A: The Cairo VM implementation was efficient, but writing Cairo is more demanding compared to Rust, as it’s a domain-specific language. Rust-based zkVMs are developer friendly and don’t need special management for Ethereum-related types and data structures. We wanted to compare the SP1 developer experience to the Cairo experience, and reimplement HDP using Rust. 

Q: How was your experience working with SP1? 

A: We were able to finish the SP1 implementation in less than a month, with less than two weeks of full-time work at the Succinct Residency. The SP1 SDK was really useful and communicating with the prover via the SDK was an amazing experience. The Cairo implementation took 5 months, although this included research, design and some iteration. Our main conclusion was that the zkVM has a much faster development time. 
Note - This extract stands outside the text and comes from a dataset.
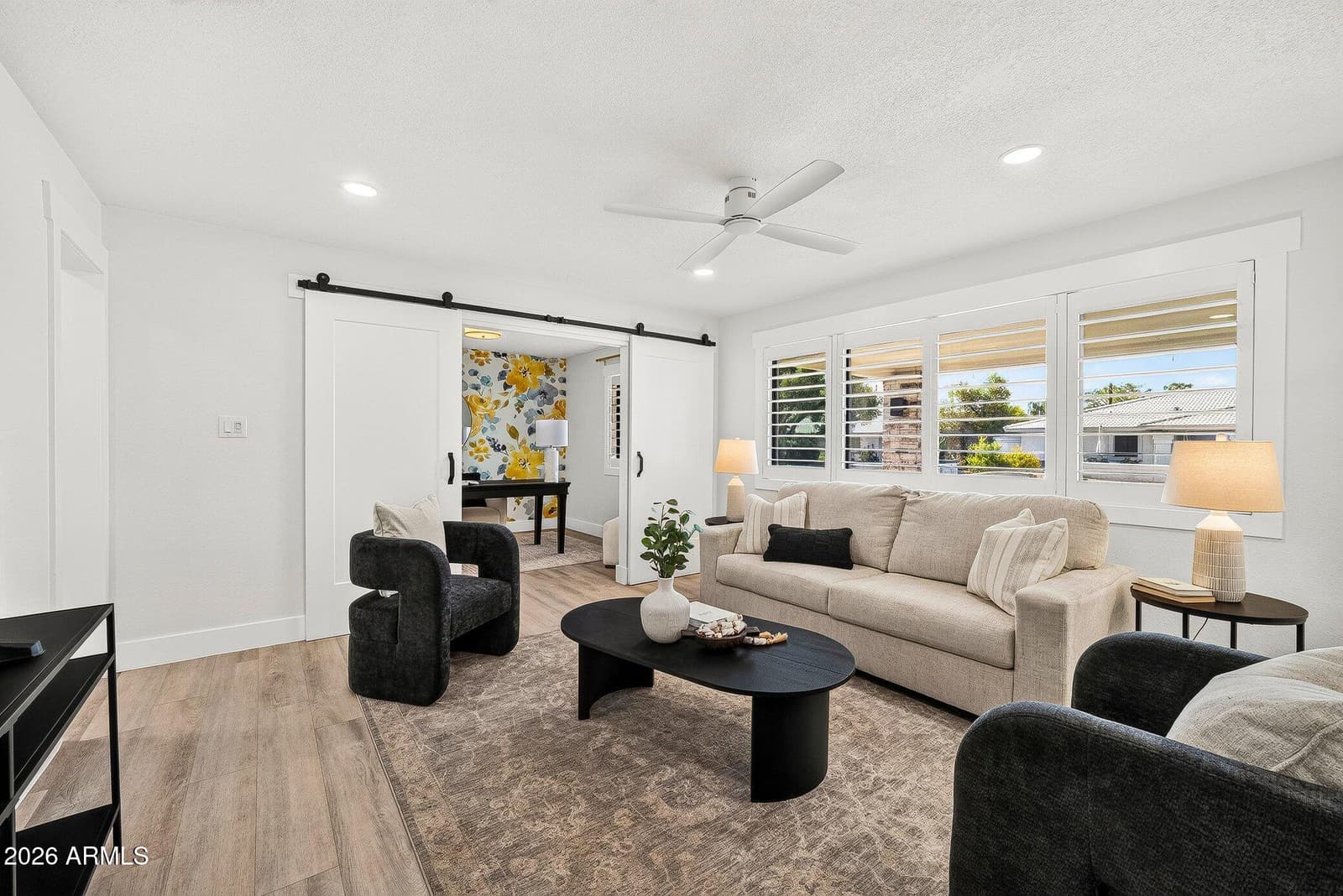8302 E AVALON Drive, Scottsdale, AZ 85251 — photo 15 of 47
Q: What is the functionality you were looking for in a zkVM when implementing your project? 

A: We needed a zkVM that could generate proofs that can be verified on Ethereum. The zkVM therefore needed to have GROTH16 or PLONK support, which SP1 does. It was also useful to have hashing precompiles such as keccak256, which makes proof generation very fast for our use-case. Being able to write normal Rust was also a great added functionality of using SP1. SP1 also comes on with built-in proving of long programs (“continuations” or “shards”) which offloads solving scalability problems to the zkVM engineering team. 

Q: What were the technical and design choices that you made when working with SP1? 
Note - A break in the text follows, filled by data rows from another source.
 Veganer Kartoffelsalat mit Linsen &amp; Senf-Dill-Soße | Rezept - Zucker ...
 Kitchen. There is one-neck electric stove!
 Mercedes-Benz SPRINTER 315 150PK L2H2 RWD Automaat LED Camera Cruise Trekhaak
A: HDP operates in two steps. First, there is an online mode where the data is fetched and a zkVM mode where proving occurs. With SP1, we figured out a way to do these two steps in one abstracted interface in several instances. 

Comparison between Cairo and SP1.

With Rust, we were able to use macros. Cairo doesn’t support sophisticated macros and there was a limitation to the interfaces we could make. The macro allowed us to abstract all the SP1-related stuff from the end user. The end user just needed to write a normal Rust program by using the hdp-sp1 macro. 
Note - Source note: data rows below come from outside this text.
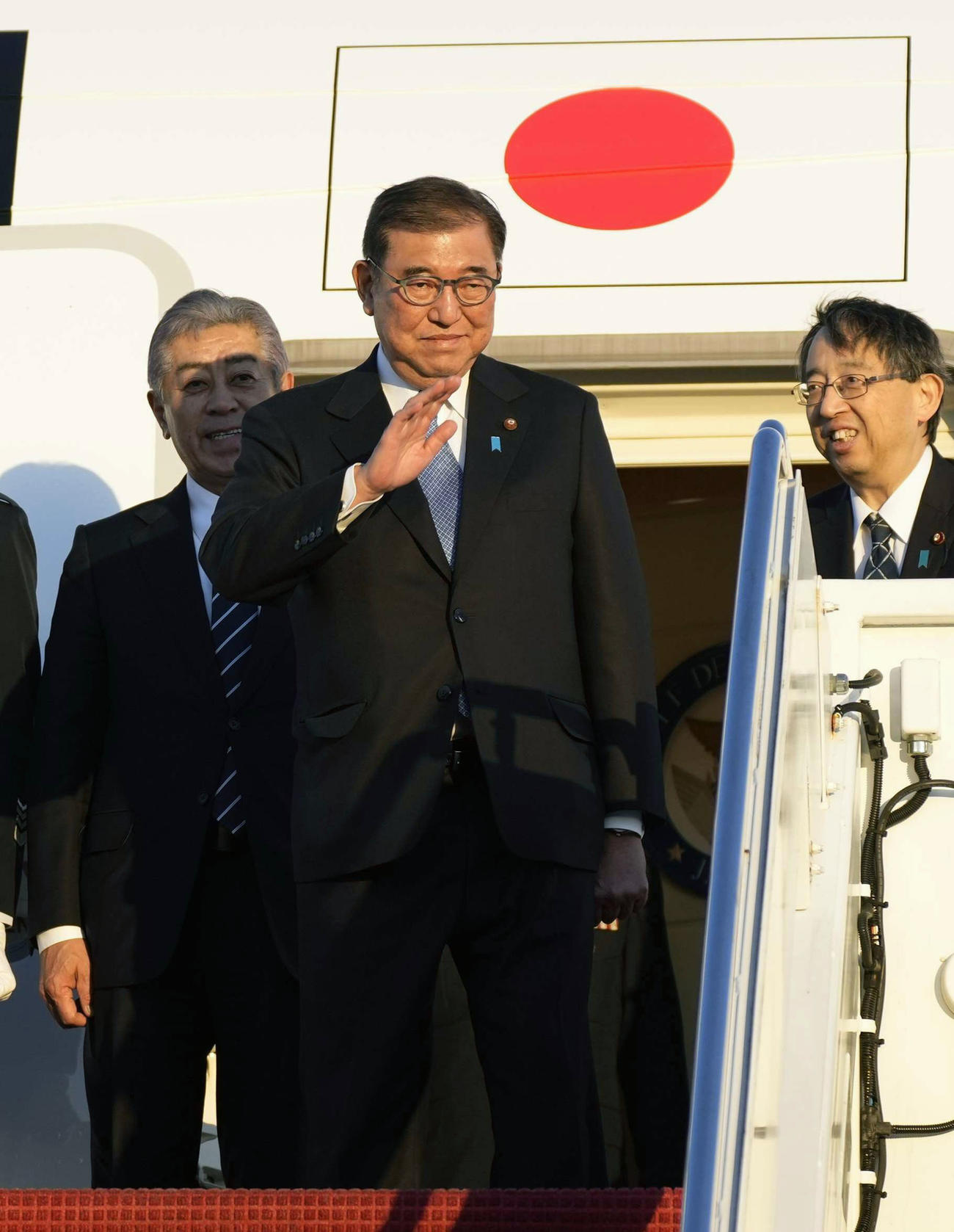 米国での外交日程を終え、ワシントン郊外のアンドルーズ空軍基地から帰国の途に就く石破首相（共同）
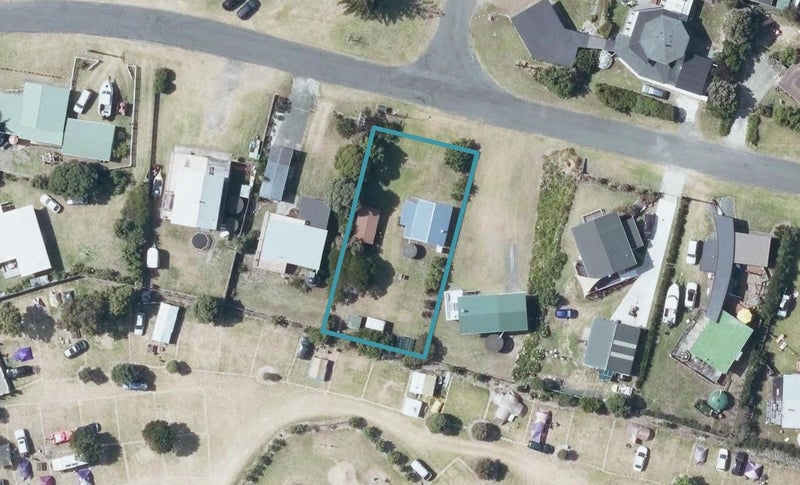 12 Kahawai Street, Māhia - Carousel 1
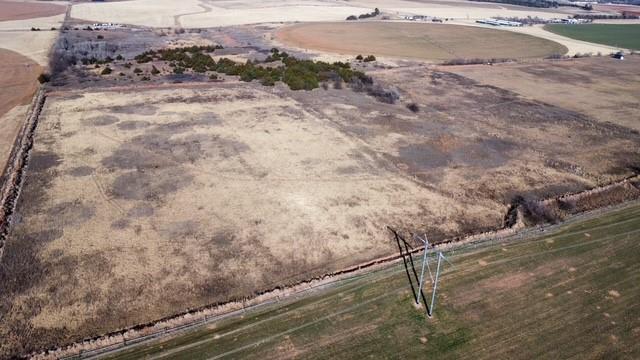 29093 2530 Fields Property Photo 4
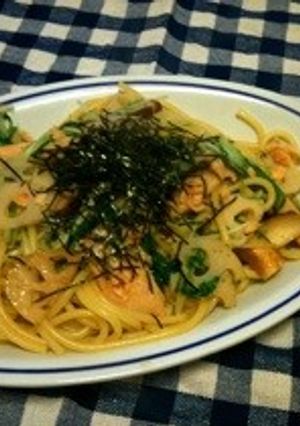 泥蓮根と椎茸とシャケのお醤油パスタ-レシピのメイン写真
This same principle allowed us to build an abstracted SDK that splits up the online mode from the zkVM mode. Rust also allows you to easily switch the target OS. 

Finally, while doing proof verification, in the online mode, we are fetching untrusted data. We then put that data inside the zkVM as an input and do verification of that data against the MMR root which we have been growing on Ethereum. Rust allowed us to do this in an abstracted way. 

Q: Thanks for the insight into HDP! How was your experience at the residency? 

A: I enjoyed the residency a lot! There were quite a few  teams building on top of SP1 and participating in the residency. I had a great time hanging out. Also, since it was in person, we could ask for help. I was able to go into technical depth with Succinct’s engineers and learn more about SP1 for my personal curiosity.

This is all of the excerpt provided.